BEGIN RECORDS PROVIDED

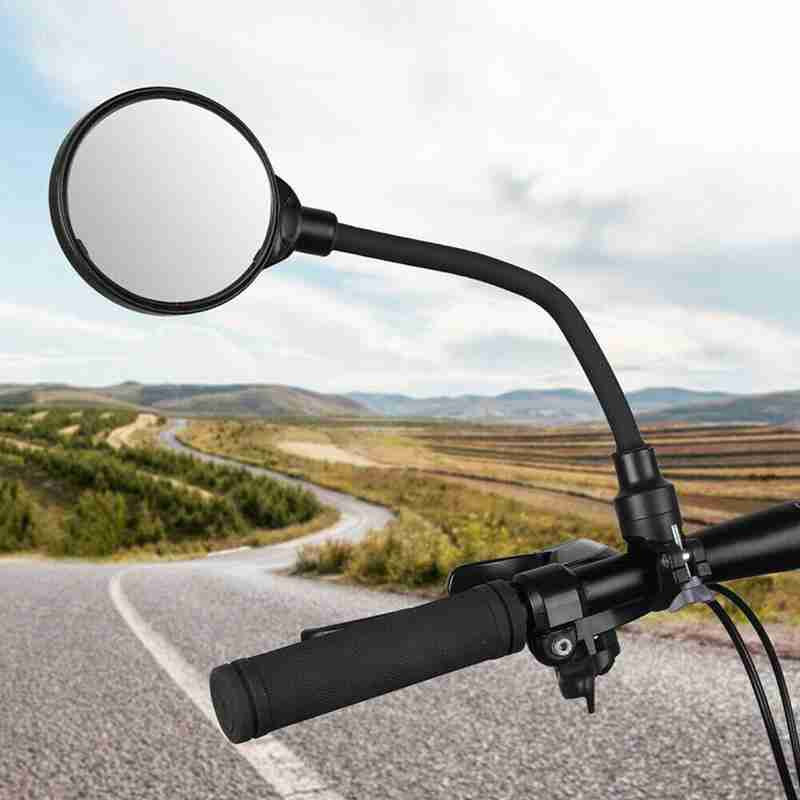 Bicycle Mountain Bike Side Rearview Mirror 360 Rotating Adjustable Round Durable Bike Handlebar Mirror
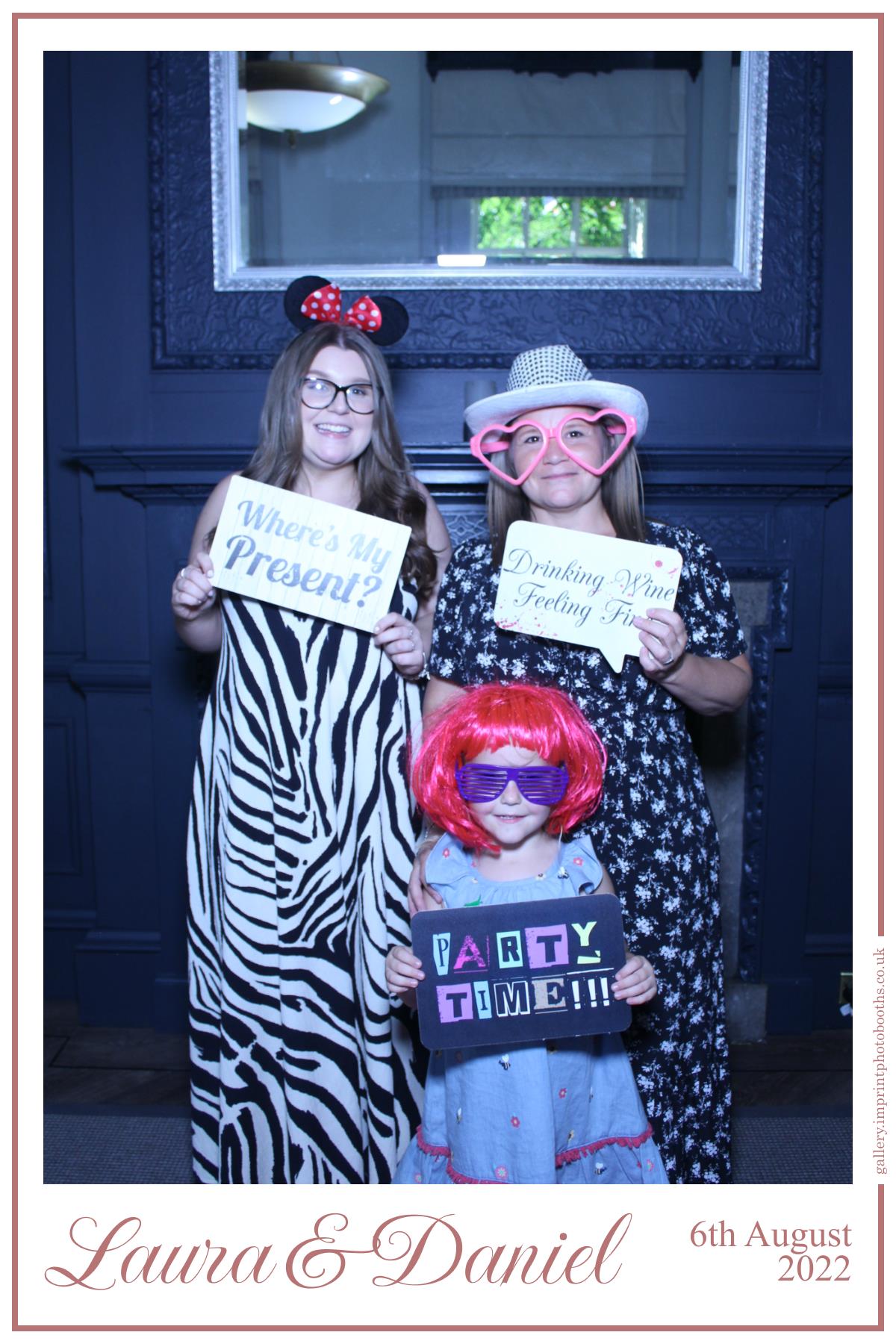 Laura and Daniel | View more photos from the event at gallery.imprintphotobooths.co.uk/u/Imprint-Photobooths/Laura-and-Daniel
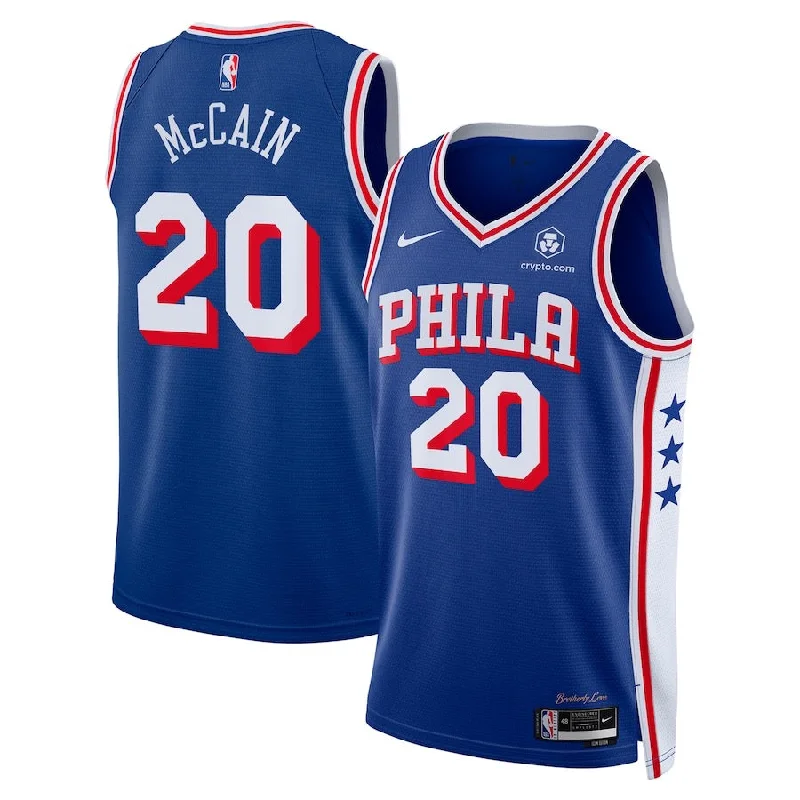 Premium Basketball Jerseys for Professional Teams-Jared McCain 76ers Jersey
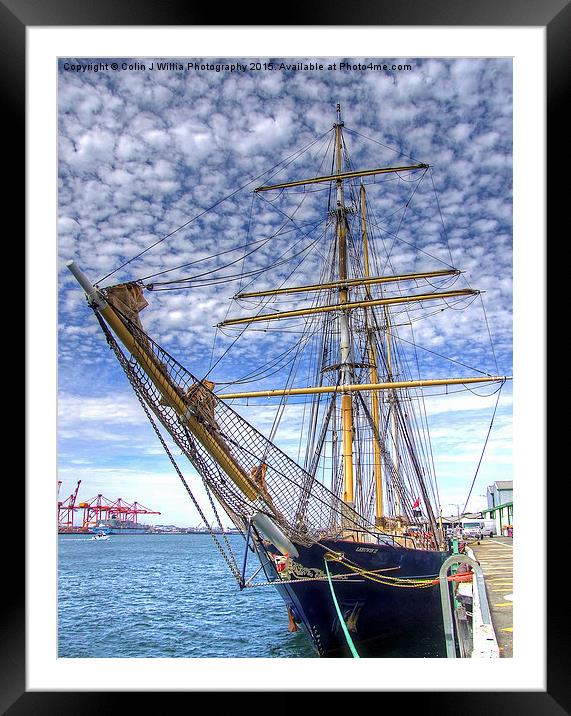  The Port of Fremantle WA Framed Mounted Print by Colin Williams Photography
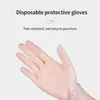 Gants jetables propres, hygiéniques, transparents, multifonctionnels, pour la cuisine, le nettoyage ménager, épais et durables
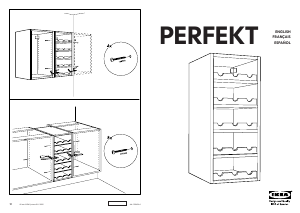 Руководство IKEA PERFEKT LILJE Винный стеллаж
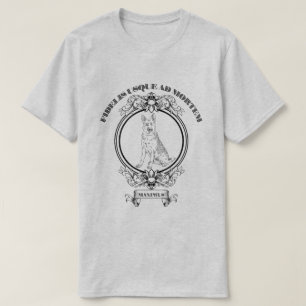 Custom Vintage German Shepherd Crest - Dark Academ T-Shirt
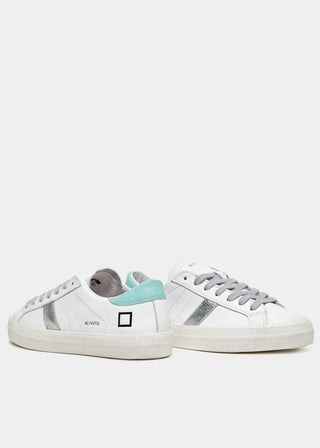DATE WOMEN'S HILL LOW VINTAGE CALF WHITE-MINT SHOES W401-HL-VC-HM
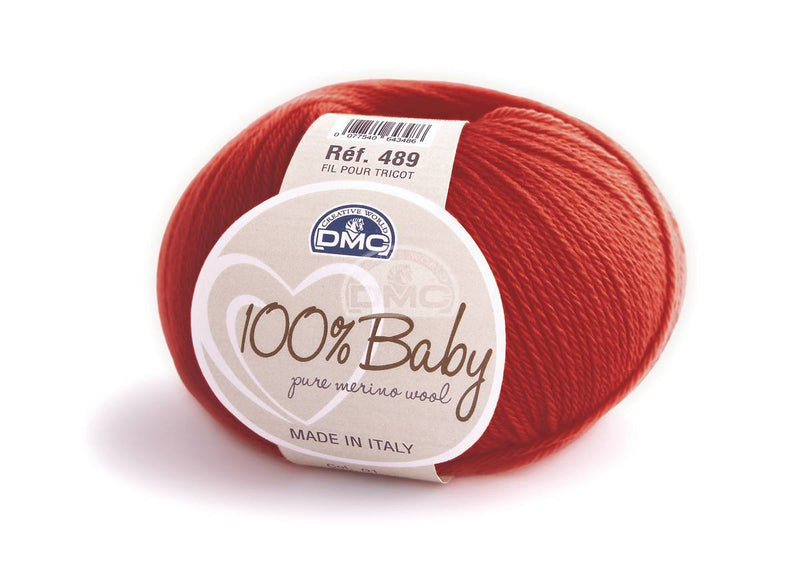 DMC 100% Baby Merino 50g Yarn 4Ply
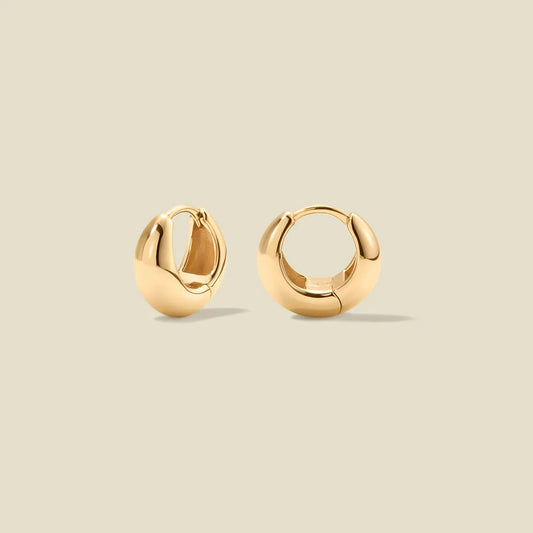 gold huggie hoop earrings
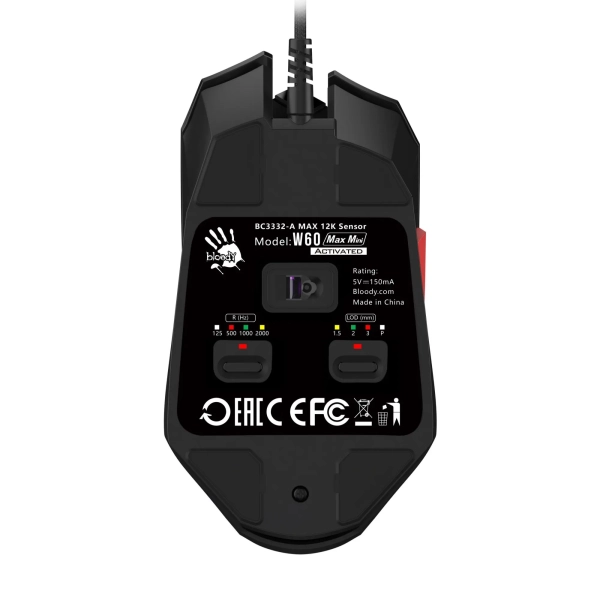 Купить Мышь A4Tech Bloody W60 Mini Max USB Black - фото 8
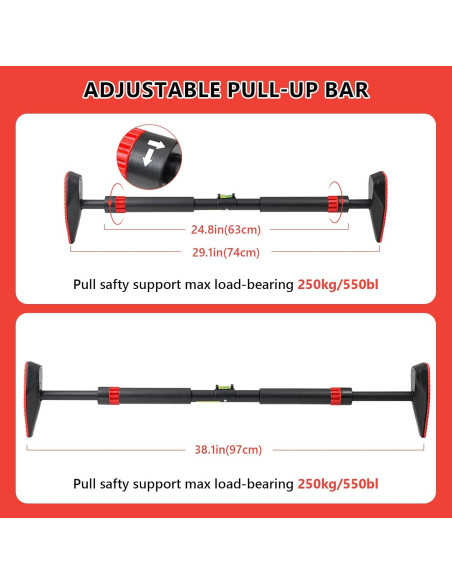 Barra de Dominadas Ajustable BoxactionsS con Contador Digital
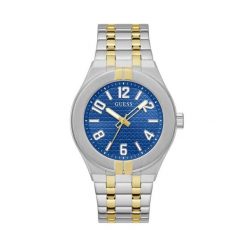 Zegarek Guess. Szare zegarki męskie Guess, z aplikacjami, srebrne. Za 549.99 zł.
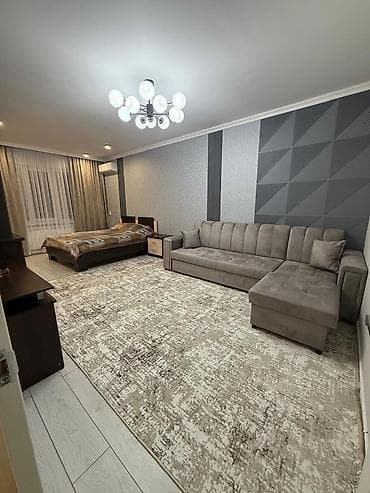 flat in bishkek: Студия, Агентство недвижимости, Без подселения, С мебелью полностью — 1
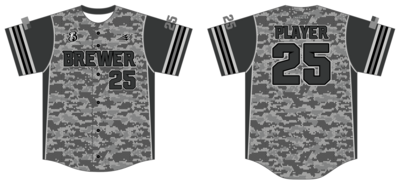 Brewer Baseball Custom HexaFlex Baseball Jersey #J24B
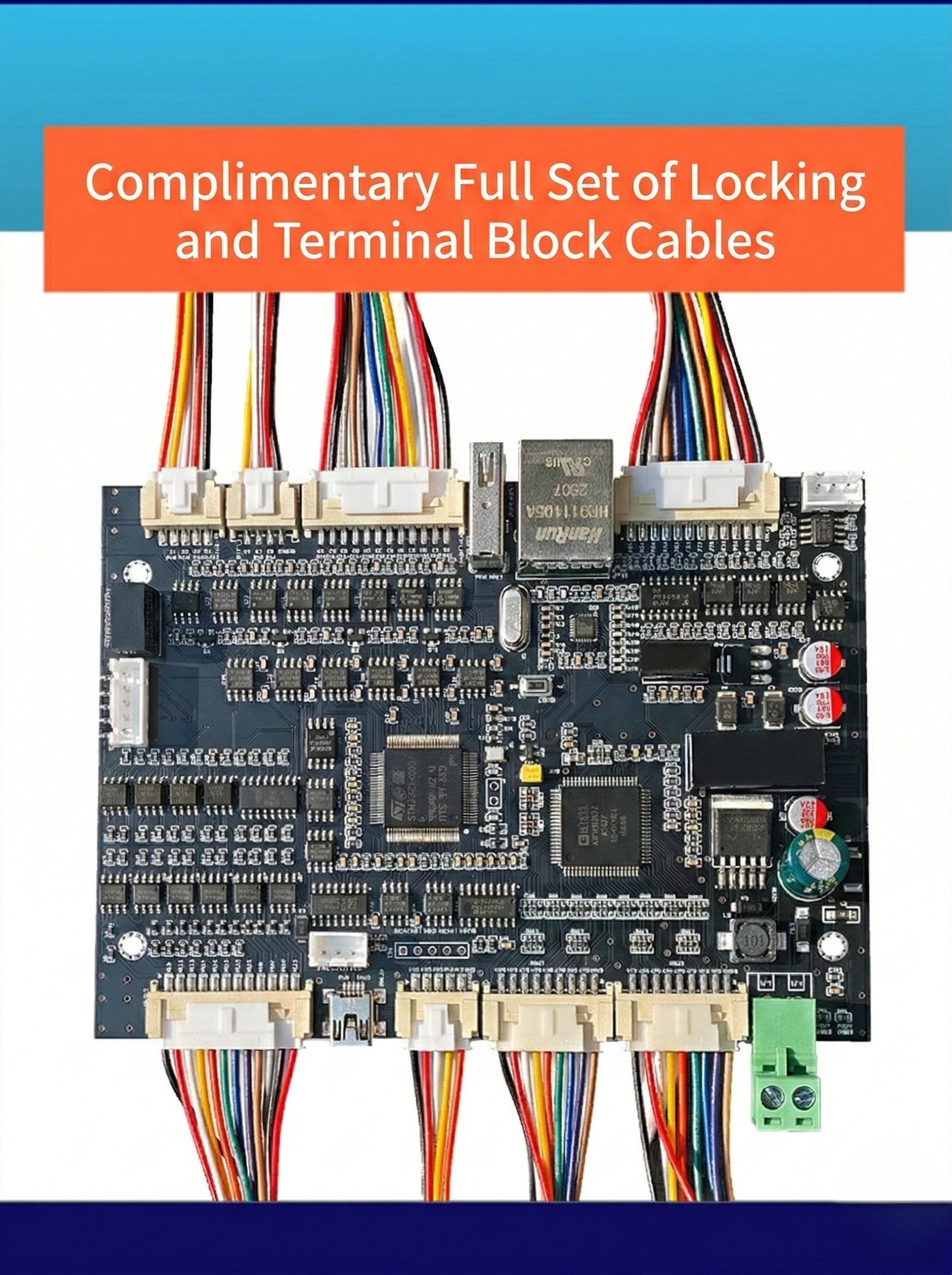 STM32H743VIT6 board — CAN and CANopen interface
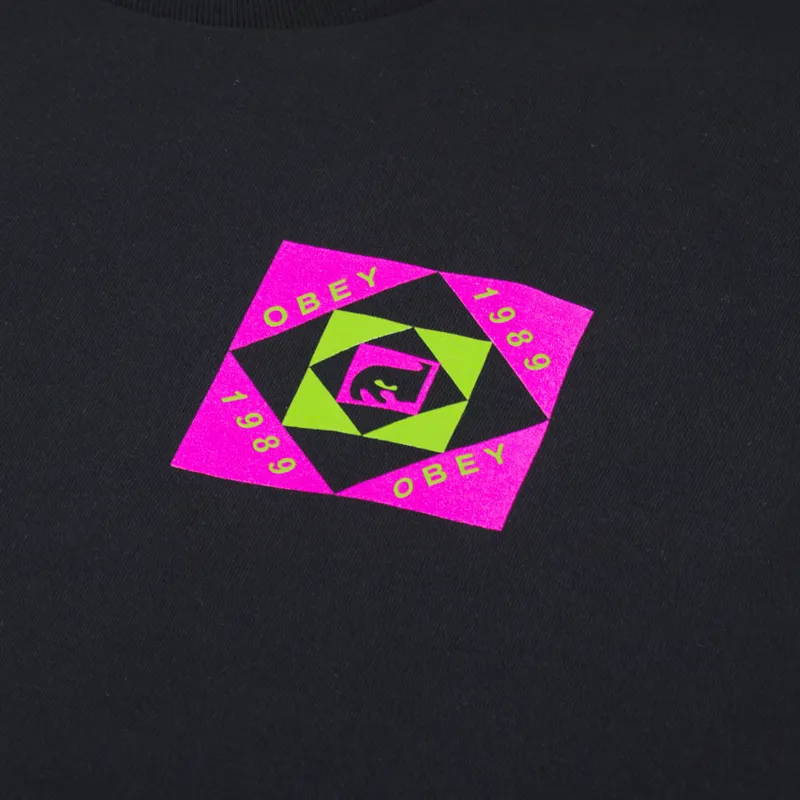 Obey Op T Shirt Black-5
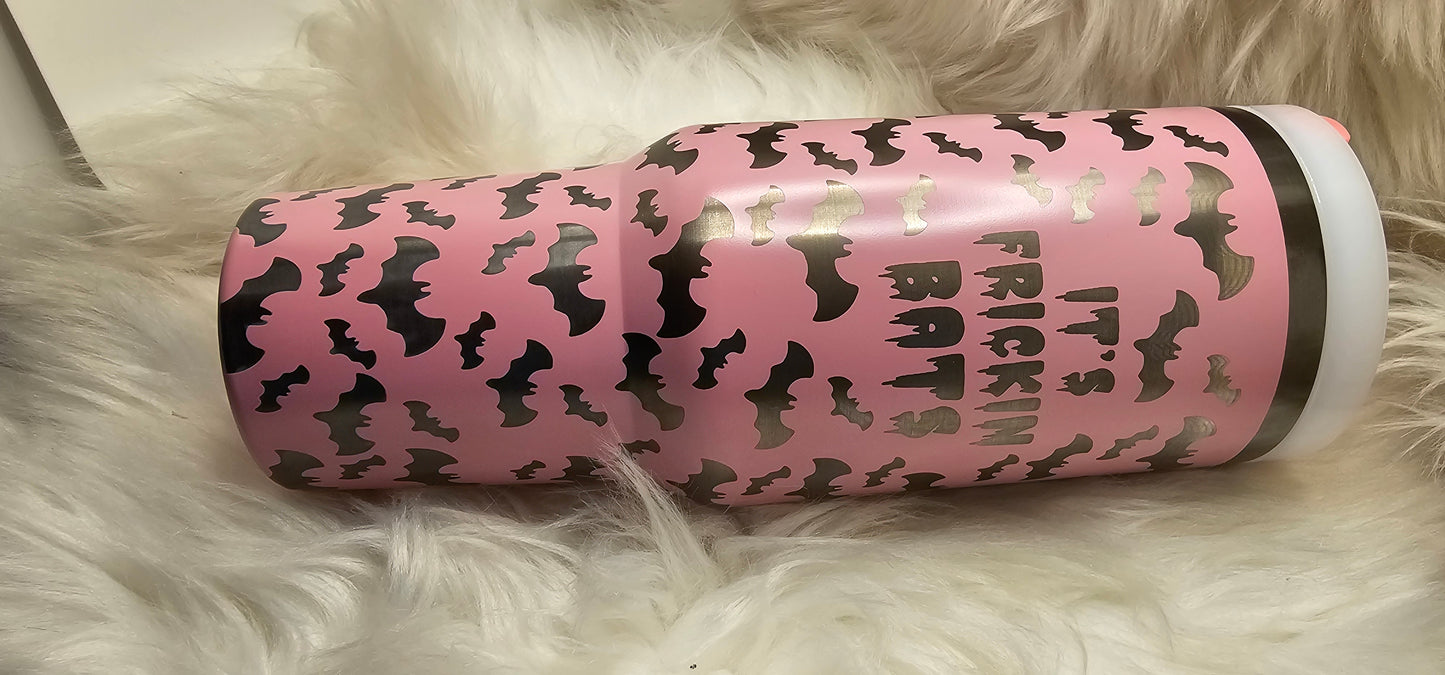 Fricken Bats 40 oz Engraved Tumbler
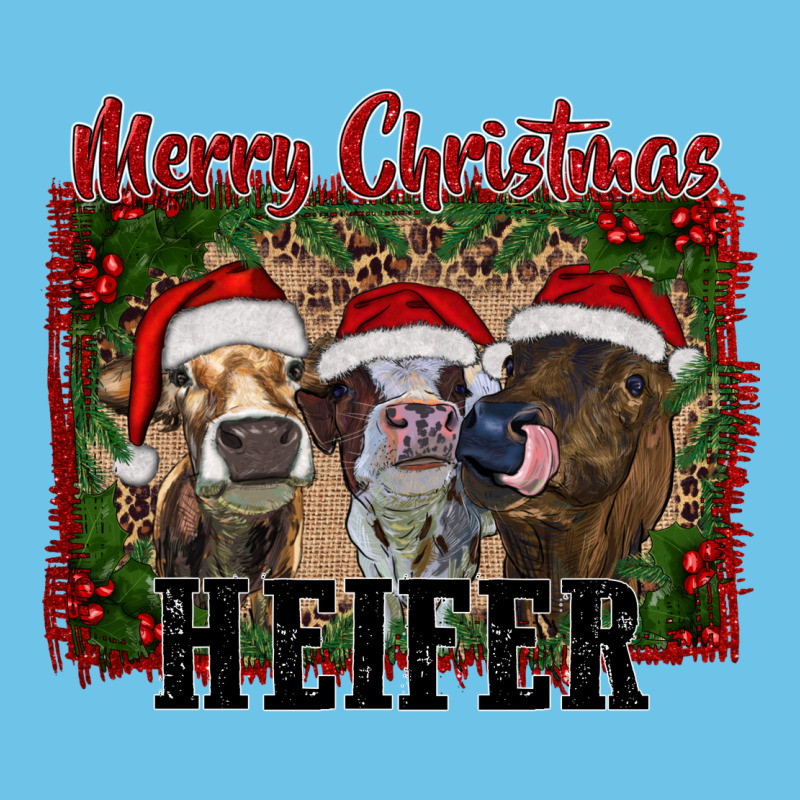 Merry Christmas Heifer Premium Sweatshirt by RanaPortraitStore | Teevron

END RECORDS PROVIDED

**TASK BRIEF**
Produce an exact copy of the lines from the line containing "STM32H743VIT6 board —" through the last line of the records, with no pictures and no other text.

**OUTPUT FOR THIS EXERCISE**
 STM32H743VIT6 board — CAN and CANopen interface
 Obey Op T Shirt Black-5
 Fricken Bats 40 oz Engraved Tumbler
 Merry Christmas Heifer Premium Sweatshirt by RanaPortraitStore | Teevron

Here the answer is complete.